Injecting Domain Knowledge in Neural Networks: a Controlled Experiment on a Constrained Problem
This work addresses the challenge of applying neural networks in domains with limited data but abundant expert knowledge, such as constraint problems, though it is incremental as it builds on existing ideas of knowledge injection.
The paper tackles the problem of data scarcity in deep learning by investigating how injecting domain knowledge into neural networks can ease learning, using a constrained problem as a case study. The results show that embedding domain knowledge at training time has a considerable effect, with a small amount of empirical knowledge yielding practically useful outcomes.

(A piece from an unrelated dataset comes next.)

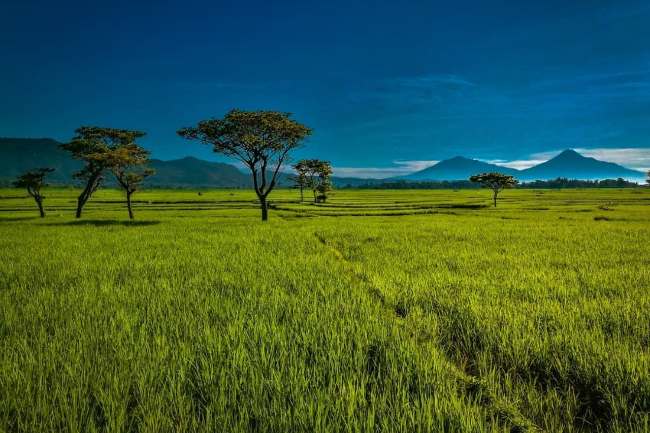 Pronosutan View, Wisata Viral Kulon Progo: Jam Buka & HTM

Given enough data, Deep Neural Networks (DNNs) are capable of learning complex input-output relations with high accuracy. In several domains, however, data is scarce or expensive to retrieve, while a substantial amount of expert knowledge is available. It seems reasonable that if we can inject this additional information in the DNN, we could ease the learning process. One such case is that of Constraint Problems, for which declarative approaches exists and pure ML solutions have obtained mixed success. Using a classical constrained problem as a case study, we perform controlled experiments to probe the impact of progressively adding domain and empirical knowledge in the DNN. Our results are very encouraging, showing that (at least in our setup) embedding domain knowledge at training time can have a considerable effect and that a small amount of empirical knowledge is sufficient to obtain practically useful results.